The Zaleski stories look forward, too, to Borges: labyrinthine, fantastical plots, steeped in antiquarian lore and philosophy. “The Race of Orven” is an accursed clan who all die in middle-age (sometimes they sire children at the age of 10, or are born before their own fathers); and “The Stone of the Edmundsbury Monks” involves the Assassins and precious stones with souls more intelligent than men.
The third story presents a secret society devoted to eugenics through murder. Prince Zaleski agrees with their views, although not their methods.

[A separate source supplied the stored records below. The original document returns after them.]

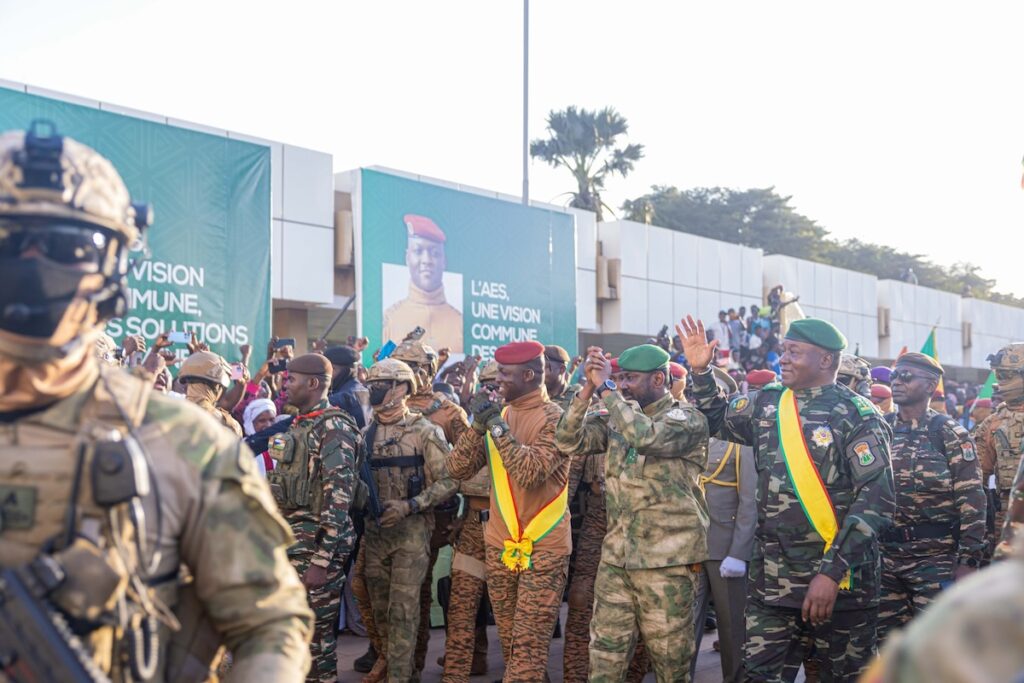 Burkina Faso, Mali, & Niger Launch Joint Military Campaign Targeting Terrorists in Sahel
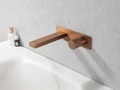 Смеситель ABBER Rund AF8712MRG для раковины скрытого монтажа, розовое золото матовое AF8712MRG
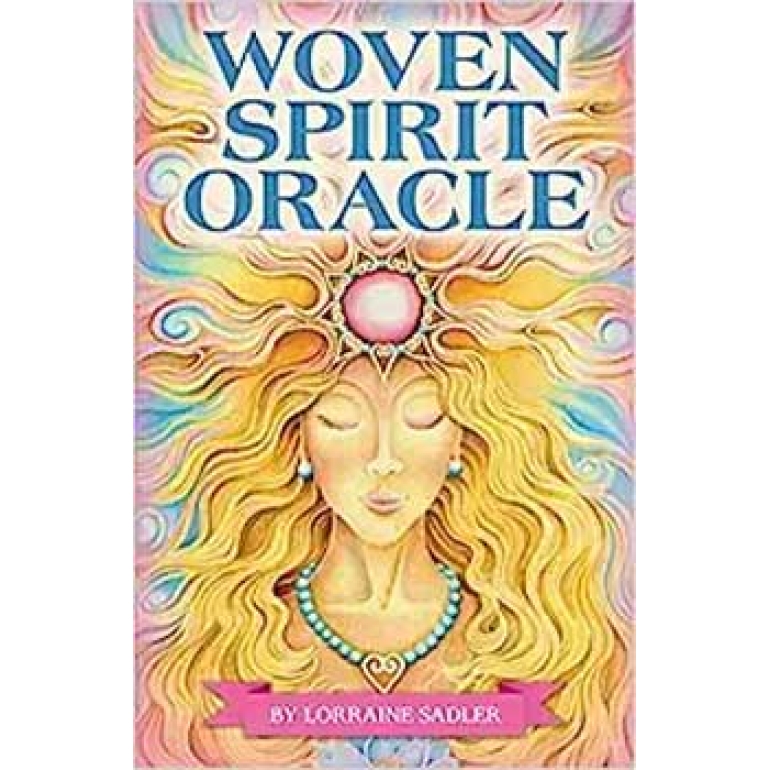 Woven Spirit oracle by Lorraine Sadler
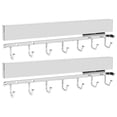 thumbnail image 1 of Rev-A-Shelf Sidelines 14" Deluxe Belt Rack Organizer, CBRSL-14-CR-1 (2 Pack), 1 of 12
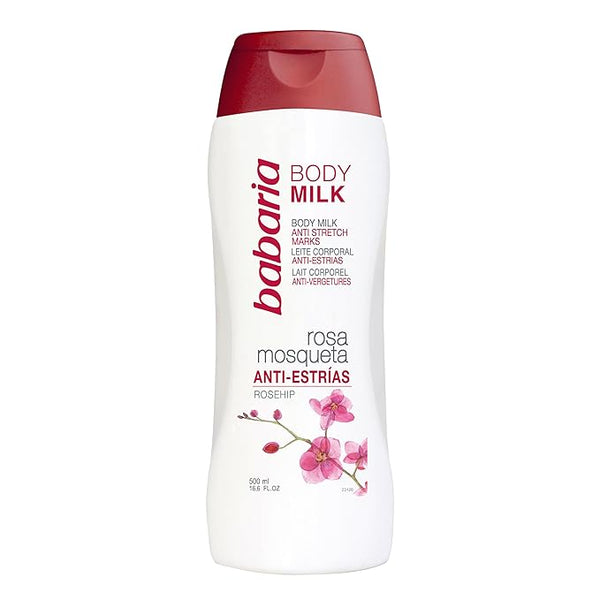 Babaria Baño y Ducha Rosa Mosqueta 600ml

Medical science, he argues, is the enemy of civilization, because it keeps the unfit (the weak, the unsightly) alive. “Can it be fated that the most advanced civilization of the future shall needs have in it, as the first and chief element of its glory, the most barbarous of all the rituals of barbarism – the immolation of hecatombs which wail a muling human wail? Is it indeed part of man’s strange destiny through the deeps of Time that he one day bow his back to the duty of pruning himself as a garden, so that he run not to a waste wilderness?” This secret society model themselves on the Spartans, and commit their first crimes in Germany. Their name? “The S.S.”